To a solution of compound 8[25] (2.58 g, 10 mmol) in THF (50 mL) was added a solution of n-BuLi (4.8 mL, 12 mmol, 2.5 M solution in hexanes) at −78 °C. The reaction mixture was allowed to warm up to 0 °C and 1,5-diiodopentane (5.83 g, 18 mmol) was added dropwise in rapid fashion. The reaction mixture was refluxed at 80 °C for 6 h. Distilled water (30 mL) was added and excess THF was removed under reduced pressure. The residue was extracted with ethyl acetate (50 mL × 2), and the combined organic layers were washed with brine (10 mL) and dried over anhydrous MgSO₄. After filtration and evaporation, the residue was purified by silica gel column chromatography using hexanes/dichloromethane, 7:4, as the eluent to give compound 9 (1.85 g, 41 %). R_f 0.3; ¹H-NMR ((CD₃)₂CO): δ 1.31–1.45 (m, 8H, C(CH₃)₂, NC₂H₄CH₂), 1.50–1.62 (m, 2H, CH₂CH₂-C_carborane), 1.78–1.87 (m, 2H, ICH₂CH₂), 2.16–2.33 (m, 2H, CH₂-C_carborane), 2.39 (dd, J = 11.9, and 3.4 Hz, 1H, CHCH₂-C_carborane), 2.42 (dd, J = 11.9, and 3.4 Hz, 1H, CHCH₂-C_carborane), 3.17 (t, J = 6.8 Hz, 2H, ICH₂), 3.55 (dd, J = 11.9 and 3.4 Hz, 1H, CH₂O), 4.13 (dd, J = 11.9 and 3.6 Hz, 1H, CHCH₂O), 4.21–4.30 (m, 1H, CH₂CHO); ¹³C-NMR ((CD₃)₂CO): δ 6.92 (CH₂I), 25.80 (CH₃), 27.35 (CH₃), 29.07 (C₂H₄CH₂), 30.52 (CH₂CH₂-C_carborane), 33.20 (ICH₂CH₂), 35.32 (CH₂-C_carborane), 39.92 (CH₂-C_carborane), 69.51 (CH₂O), 74.87 (CHO),77.44, 80.22 (C_carborane), 110.02 (C(CH₃)₂); MS (HR-ESI) calcd for C₁₃H₃₁B₁₀IO₂Na (M+Na)⁺: 477.2270, found: 477.2257.
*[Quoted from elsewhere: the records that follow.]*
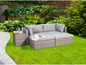 Rattan-Lounge-Set mit grauen Kissen und Beistelltisch im Garten.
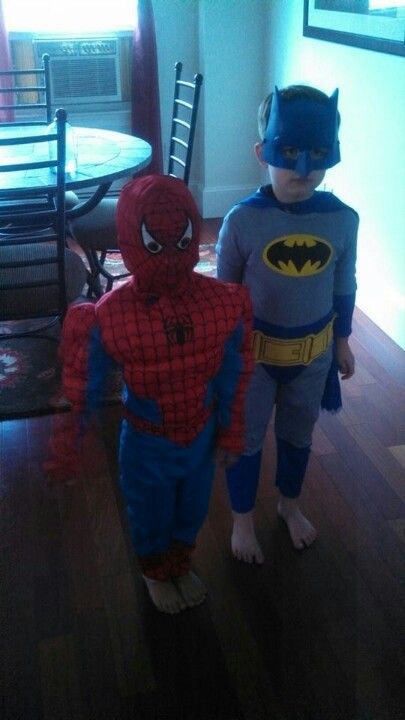 two young boys dressed up as batman and spider - man in the living room, standing next to each other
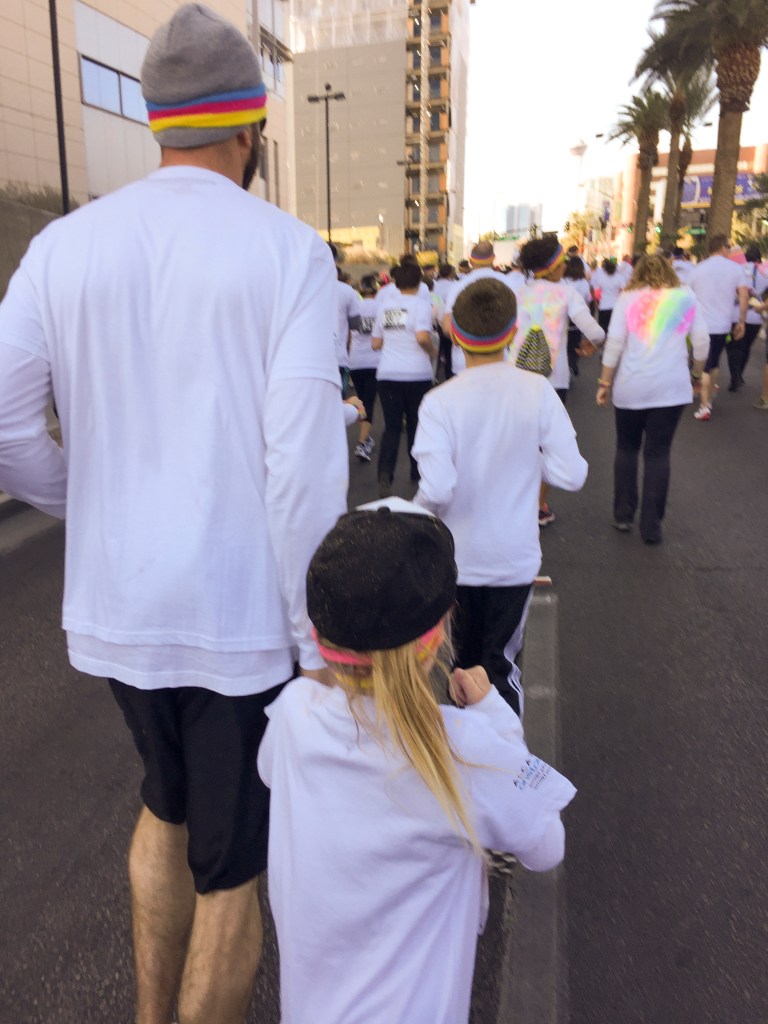 Then we saw a lot of this: The back of Mike and Nora! That tiny girl ran like crazy! She ran more than the other two and after a while I could see them up ahead, Mike with Nora on his shoulders, still running!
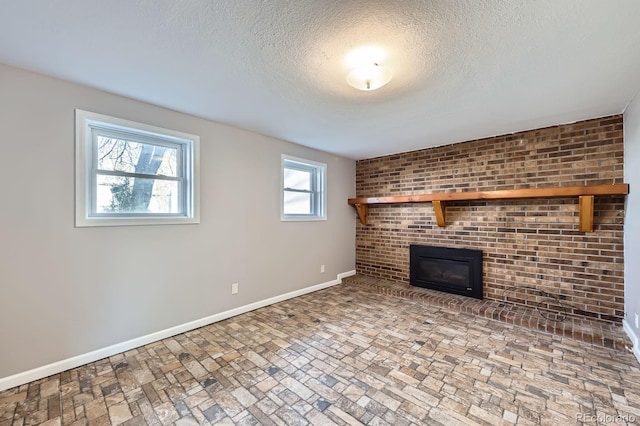 unfurnished living room featuring a textured ceiling, baseboards, a fireplace, and brick floor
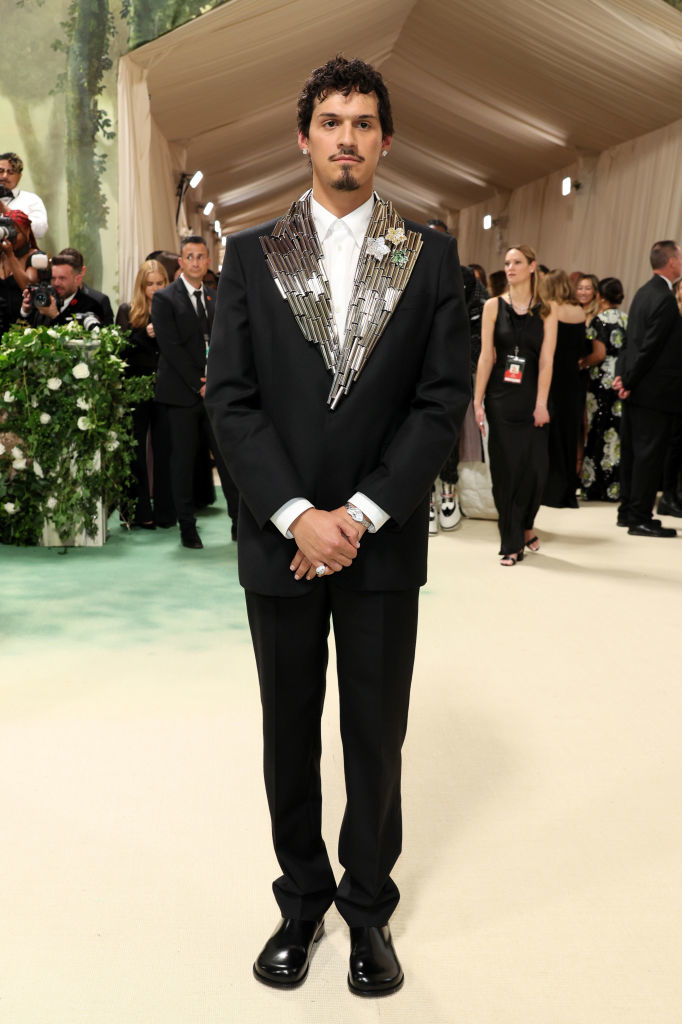 Omar wearing a suit with unique metallic ornamentation with little flowers on the jacket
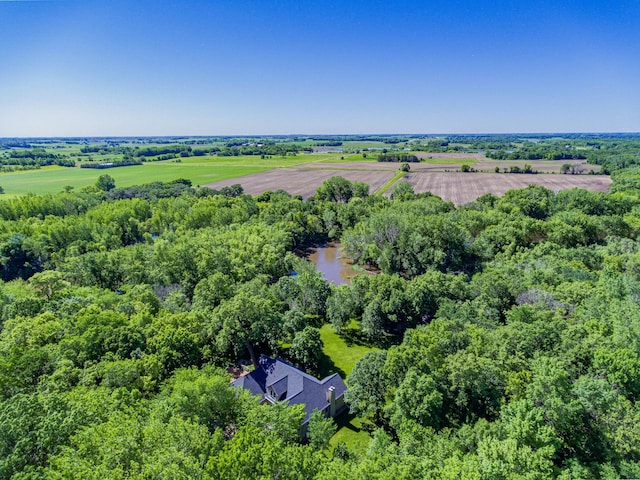 drone / aerial view with a water view and a rural view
4.1.5. 3-(5-{2-[(2,2-Dimethyl-1,3-dioxolane-4-yl)methyl]-o-carboran-1-yl}pentan-1-yl)thymidine (10).[25]

To a solution of compound 9 (1.67 g, 3.68 mmol) in a mixture of DMF and acetone (50 mL, 1:1) were added Thd (4.45 g, 18.4 mmol) and potassium carbonate (3.05 g, 22.1 mmol) and stirred at 50 °C overnight. The reaction mixture was filtered and the filtrate was concentrated under reduced pressure. The residue was purified by silica gel column chromatography using ethyl acetate/methanol, 20:1, as the eluent to give compound 10 (1.0 g, 48 %). R_f 0.29; ¹H-NMR (CD₃OD): δ 1.29–1.42 (m, 8H, (CH₃)₂C, NC₂H₄CH₂), 1.57–1.69 (m, 4H, NCH₂CH₂, and CH₂CH₂-C_carborane), 1.92 (s, 3H, CH₃), 2.17–2.40 (m, 4H, CH₂-C_carborane, H-2", and H-2'), 2.54 (dd, J = 11.9, and 3.4 Hz, 1H, CHCH₂-C_carborane), 2.61 (dd, J = 11.9, and 3.4 Hz, 1H, CHCH₂-C_carborane), 3.56 (t, J = 6.8 Hz, 1H, CH₂O), 3.74 (dd, J = 11.9, and 3.4 Hz, 1H, H-5"), 3.82 (dd, J = 11.9, and 3.4 Hz, 1H, H-5'), 3.88–3.96 (m, 3H, CH₂N, and H-3'), 4.06–4.14 (m, 1H, CH₂O), 4.20–4.32 (m, 1H, CH₂CHO), 4.38–4.44 (m, 1H, H-4'), 6.32 (t, J = 6.8 Hz, 1H, H-1'), 7.86 (s, 1H, H-6).

4.1.6.a. General procedure for the synthesis of the amino acid ester prodrugs of N5 (11–19) and the glycine ester prodrugs of N5-2OH (20–22)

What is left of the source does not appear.